The electric van is charged at GreenSpoon’s distribution center using solar power. With Kenya’s electricity generation mix already well above 70% renewables anyway, thanks to large contributions from geothermal and hydro, any electric vans deployed on the delivery routes will be running off some very clean electricity.
Deliveries by electric van are currently focusing on areas near the company’s distribution hub, like Karen, Langata, and Lavington. GreenSpoon works with a next-day delivery system. To get around the range limitations and to expand its delivery network using electric vans, GreenSpoon should consider partnering with another Kenyan EV start-up, Nopea Ride, which we covered here. GreenSpoon could get access to Nopea’s DC fast charging stations, allowing more frequent deliveries to areas like Runda, Gigiri, and the Thika Road area.
The savings GreenSpoon sees from the electric delivery vehicle can reach up to 70% of operating cost due to lower maintenance costs of EVs and cheaper “refuelling” costs by charging the electric vehicles with onsite solar.
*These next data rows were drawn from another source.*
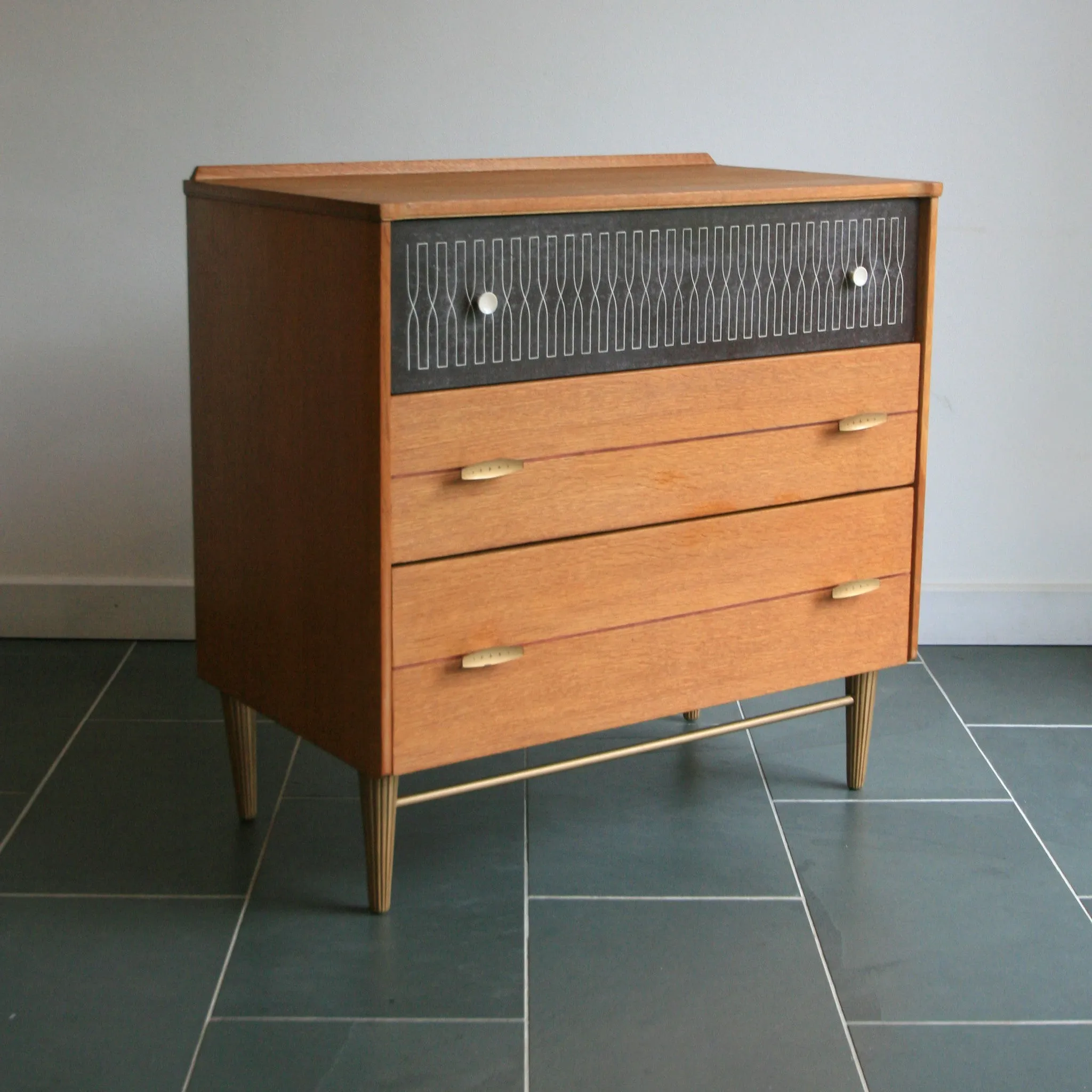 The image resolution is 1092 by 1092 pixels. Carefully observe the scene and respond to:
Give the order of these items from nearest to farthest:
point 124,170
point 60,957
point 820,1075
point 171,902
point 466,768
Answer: point 820,1075 → point 60,957 → point 171,902 → point 466,768 → point 124,170

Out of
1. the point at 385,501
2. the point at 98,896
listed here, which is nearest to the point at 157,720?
the point at 98,896

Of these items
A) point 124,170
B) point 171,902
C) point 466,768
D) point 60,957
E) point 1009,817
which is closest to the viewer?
point 60,957

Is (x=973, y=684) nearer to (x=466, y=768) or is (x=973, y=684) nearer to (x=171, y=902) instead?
(x=466, y=768)

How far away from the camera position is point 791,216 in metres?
1.81

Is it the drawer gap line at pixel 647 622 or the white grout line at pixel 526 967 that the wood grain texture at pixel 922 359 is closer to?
the drawer gap line at pixel 647 622

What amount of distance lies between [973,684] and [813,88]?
3.46ft

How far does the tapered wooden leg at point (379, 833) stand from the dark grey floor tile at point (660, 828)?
0.63ft

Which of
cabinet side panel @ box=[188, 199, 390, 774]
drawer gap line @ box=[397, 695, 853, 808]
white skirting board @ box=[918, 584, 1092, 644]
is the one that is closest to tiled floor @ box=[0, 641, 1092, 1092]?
drawer gap line @ box=[397, 695, 853, 808]

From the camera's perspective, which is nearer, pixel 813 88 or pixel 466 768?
pixel 466 768

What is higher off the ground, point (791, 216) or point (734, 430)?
point (791, 216)

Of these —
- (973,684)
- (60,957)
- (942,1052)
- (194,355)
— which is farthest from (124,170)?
(942,1052)

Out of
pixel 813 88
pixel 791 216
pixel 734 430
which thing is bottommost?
pixel 734 430

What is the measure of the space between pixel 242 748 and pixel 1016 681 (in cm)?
137

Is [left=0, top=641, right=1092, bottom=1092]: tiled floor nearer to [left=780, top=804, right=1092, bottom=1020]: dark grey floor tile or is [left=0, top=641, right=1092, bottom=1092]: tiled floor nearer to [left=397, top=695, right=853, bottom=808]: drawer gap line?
[left=780, top=804, right=1092, bottom=1020]: dark grey floor tile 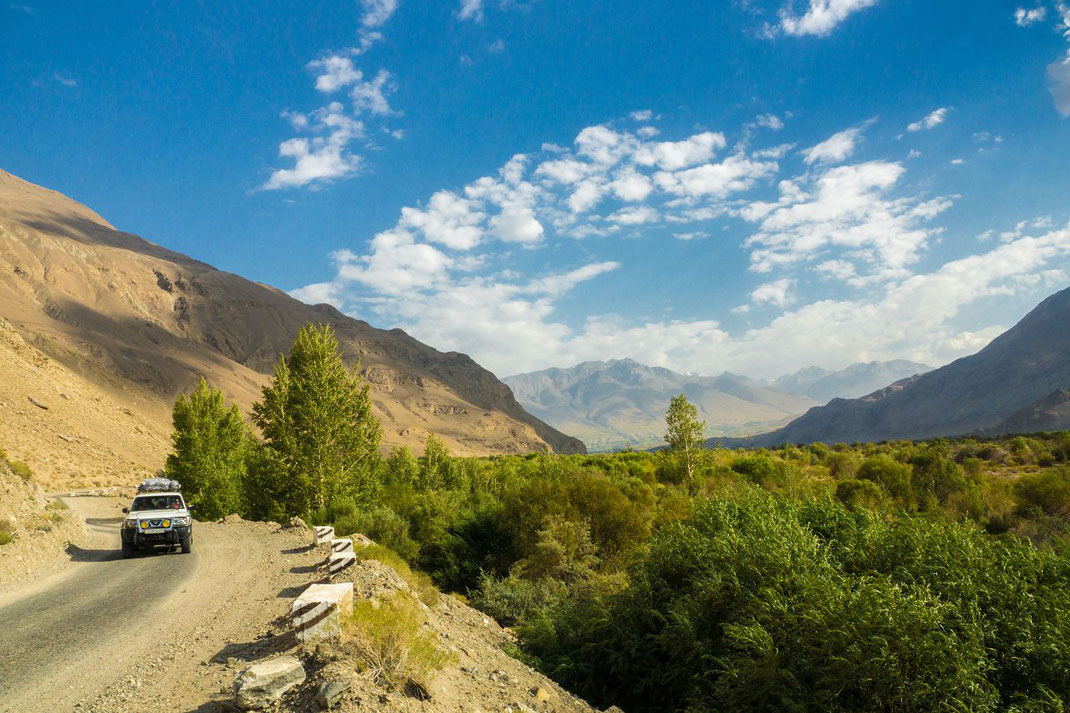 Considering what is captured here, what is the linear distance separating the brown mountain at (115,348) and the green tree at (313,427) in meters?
43.5

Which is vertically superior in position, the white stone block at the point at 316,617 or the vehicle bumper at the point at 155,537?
the white stone block at the point at 316,617

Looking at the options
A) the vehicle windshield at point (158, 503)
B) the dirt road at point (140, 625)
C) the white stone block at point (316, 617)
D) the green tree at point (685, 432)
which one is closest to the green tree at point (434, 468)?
the green tree at point (685, 432)

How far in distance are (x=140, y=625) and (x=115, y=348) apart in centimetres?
14745

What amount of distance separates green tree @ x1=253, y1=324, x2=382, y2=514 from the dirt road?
9.46 meters

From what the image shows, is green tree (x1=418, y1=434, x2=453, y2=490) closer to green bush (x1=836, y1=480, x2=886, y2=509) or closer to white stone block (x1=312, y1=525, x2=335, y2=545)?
white stone block (x1=312, y1=525, x2=335, y2=545)

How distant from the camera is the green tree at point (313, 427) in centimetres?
2831

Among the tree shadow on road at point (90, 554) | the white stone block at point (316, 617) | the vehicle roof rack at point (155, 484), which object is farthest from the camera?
the vehicle roof rack at point (155, 484)

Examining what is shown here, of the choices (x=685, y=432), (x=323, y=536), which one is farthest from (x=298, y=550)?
(x=685, y=432)

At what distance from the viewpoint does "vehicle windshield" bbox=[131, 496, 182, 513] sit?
62.1ft

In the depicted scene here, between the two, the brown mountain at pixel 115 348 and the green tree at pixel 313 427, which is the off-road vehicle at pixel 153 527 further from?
the brown mountain at pixel 115 348

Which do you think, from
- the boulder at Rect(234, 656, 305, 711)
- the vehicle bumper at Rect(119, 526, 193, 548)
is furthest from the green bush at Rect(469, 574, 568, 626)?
the boulder at Rect(234, 656, 305, 711)

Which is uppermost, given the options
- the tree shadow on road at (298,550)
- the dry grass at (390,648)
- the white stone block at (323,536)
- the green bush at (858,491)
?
the dry grass at (390,648)

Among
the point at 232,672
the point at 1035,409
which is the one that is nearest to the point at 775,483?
the point at 232,672

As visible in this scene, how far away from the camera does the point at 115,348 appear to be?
126 m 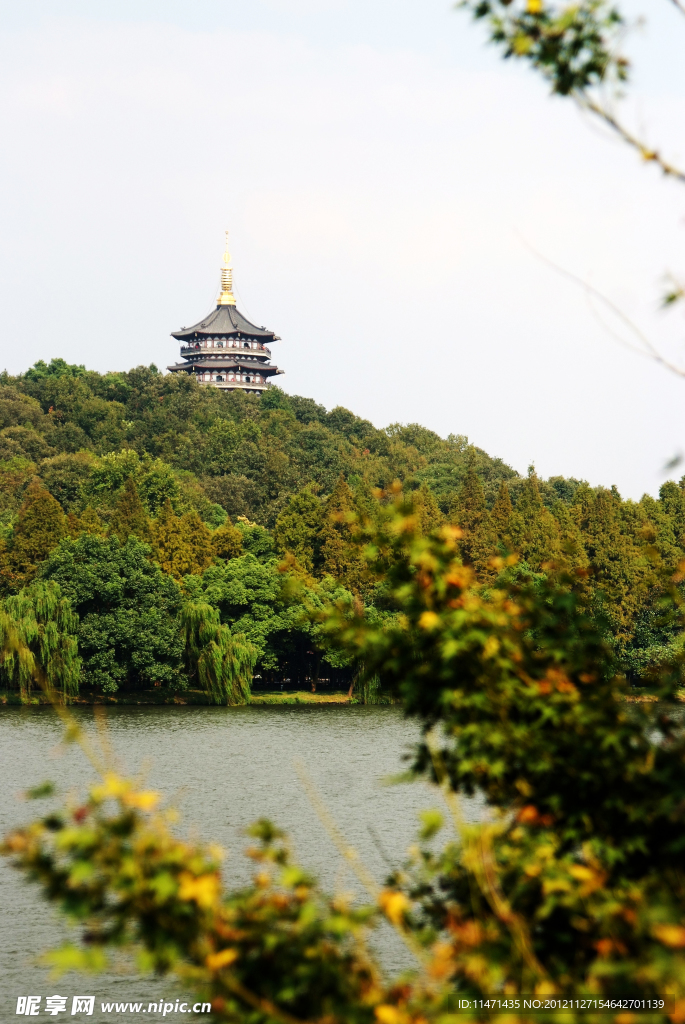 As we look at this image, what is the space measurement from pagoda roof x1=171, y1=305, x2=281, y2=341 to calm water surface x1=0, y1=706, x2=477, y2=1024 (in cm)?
5559

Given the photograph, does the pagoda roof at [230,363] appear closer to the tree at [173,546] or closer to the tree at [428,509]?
the tree at [428,509]

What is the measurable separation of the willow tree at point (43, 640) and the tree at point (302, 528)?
9907 mm

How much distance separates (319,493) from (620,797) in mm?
47302

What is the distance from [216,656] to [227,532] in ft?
29.3

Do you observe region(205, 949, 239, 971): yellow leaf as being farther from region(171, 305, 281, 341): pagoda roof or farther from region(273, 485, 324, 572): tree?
region(171, 305, 281, 341): pagoda roof

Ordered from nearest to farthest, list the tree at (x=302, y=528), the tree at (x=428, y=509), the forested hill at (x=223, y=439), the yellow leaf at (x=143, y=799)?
the yellow leaf at (x=143, y=799) < the tree at (x=302, y=528) < the tree at (x=428, y=509) < the forested hill at (x=223, y=439)

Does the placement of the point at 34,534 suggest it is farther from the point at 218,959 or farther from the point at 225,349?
the point at 225,349

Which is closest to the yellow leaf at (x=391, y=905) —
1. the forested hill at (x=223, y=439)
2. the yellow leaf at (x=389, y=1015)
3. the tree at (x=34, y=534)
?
the yellow leaf at (x=389, y=1015)

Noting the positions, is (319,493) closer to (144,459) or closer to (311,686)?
(144,459)

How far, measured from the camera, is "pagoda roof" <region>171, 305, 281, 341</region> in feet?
270

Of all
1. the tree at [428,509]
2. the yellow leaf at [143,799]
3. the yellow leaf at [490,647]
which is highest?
the tree at [428,509]

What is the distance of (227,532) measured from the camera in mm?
38125

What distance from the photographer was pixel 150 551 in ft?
115

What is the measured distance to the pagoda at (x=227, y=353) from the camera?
267 feet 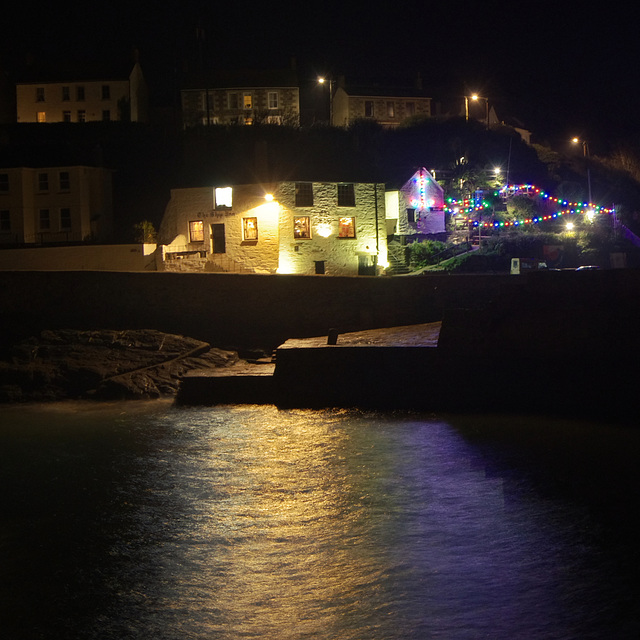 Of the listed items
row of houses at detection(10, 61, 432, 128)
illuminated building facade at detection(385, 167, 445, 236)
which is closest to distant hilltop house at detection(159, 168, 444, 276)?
illuminated building facade at detection(385, 167, 445, 236)

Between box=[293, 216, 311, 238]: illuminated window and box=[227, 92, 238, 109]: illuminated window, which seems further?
box=[227, 92, 238, 109]: illuminated window

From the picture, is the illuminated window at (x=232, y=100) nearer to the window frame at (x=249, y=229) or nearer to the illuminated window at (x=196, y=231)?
the illuminated window at (x=196, y=231)

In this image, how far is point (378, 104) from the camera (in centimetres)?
5678

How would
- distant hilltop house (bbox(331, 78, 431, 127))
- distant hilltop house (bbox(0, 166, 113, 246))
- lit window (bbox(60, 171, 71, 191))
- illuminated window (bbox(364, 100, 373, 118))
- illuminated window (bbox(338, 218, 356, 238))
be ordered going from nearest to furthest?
illuminated window (bbox(338, 218, 356, 238))
distant hilltop house (bbox(0, 166, 113, 246))
lit window (bbox(60, 171, 71, 191))
distant hilltop house (bbox(331, 78, 431, 127))
illuminated window (bbox(364, 100, 373, 118))

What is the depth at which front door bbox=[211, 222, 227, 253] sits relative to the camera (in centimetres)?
3550

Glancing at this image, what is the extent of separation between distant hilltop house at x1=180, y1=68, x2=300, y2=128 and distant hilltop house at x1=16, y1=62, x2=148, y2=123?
4.13 meters

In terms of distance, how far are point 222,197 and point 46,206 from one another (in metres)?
9.04

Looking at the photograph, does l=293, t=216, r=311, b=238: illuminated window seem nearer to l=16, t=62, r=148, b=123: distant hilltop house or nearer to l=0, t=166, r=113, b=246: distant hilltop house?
l=0, t=166, r=113, b=246: distant hilltop house

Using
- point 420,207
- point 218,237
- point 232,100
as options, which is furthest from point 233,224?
point 232,100

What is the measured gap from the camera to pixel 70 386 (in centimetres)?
2334

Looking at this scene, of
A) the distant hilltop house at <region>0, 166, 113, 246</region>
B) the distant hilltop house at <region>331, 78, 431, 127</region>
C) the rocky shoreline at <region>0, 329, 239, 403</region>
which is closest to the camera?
the rocky shoreline at <region>0, 329, 239, 403</region>

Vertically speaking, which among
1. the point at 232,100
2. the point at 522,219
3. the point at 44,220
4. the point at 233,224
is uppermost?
the point at 232,100

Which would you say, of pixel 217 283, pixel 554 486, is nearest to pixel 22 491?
pixel 554 486

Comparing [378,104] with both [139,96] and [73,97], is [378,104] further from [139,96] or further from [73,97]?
[73,97] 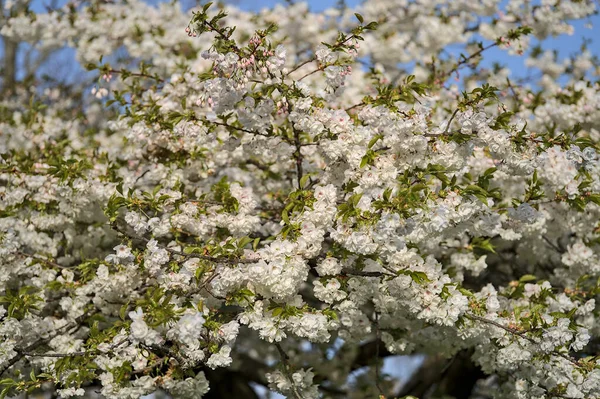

The transport sector in Kenya accounts for significant amounts of emissions, with up to 39% of CO2 emissions coming from the transport sector. GreenSpoon hopes its door-to-door deliveries can help families reduce the number of grocery store trips, thereby reducing emissions. We certainly hope GreenSpoon can scale quickly and that its service achieves a critical mass in terms of adoption to drive a new wave of online grocery shoppers. There is certainly a problem to solve in Nairobi. Sitting in Nairobi’s infamous traffic must be quite an ordeal.
The door-to-door deliveries also present a good opportunity to expose the general public to the world of electric mobility. As they say, seeing is believing, and the more people see electric vans servicing routes daily, the more people will get confidence in electric vehicles for their own use.
Operators in the B2B segment should be looking actively into electrifying their fleets. Now that number-crunching fleet managers have a local case study for reference purposes, one hopes the partnership between GreenSpoon and Driveelectric Kenya can catalyze mass adoption of electric vehicles in the industry. Driveelectric Kenya is lowering the barriers to entry though its electric vehicle leasing program. The leasing program is taking away major risks for those that might still be a bit cautious when it comes to electrifying their fleets. Leasing takes away both the tech and the financial risks. Firms may be more comfortable with adopting a new technology if they know that it does not sit on their balance sheet. The monthly lease fees also mean that the firms are not tying down significant capital, freeing up cash for their core business or other operations.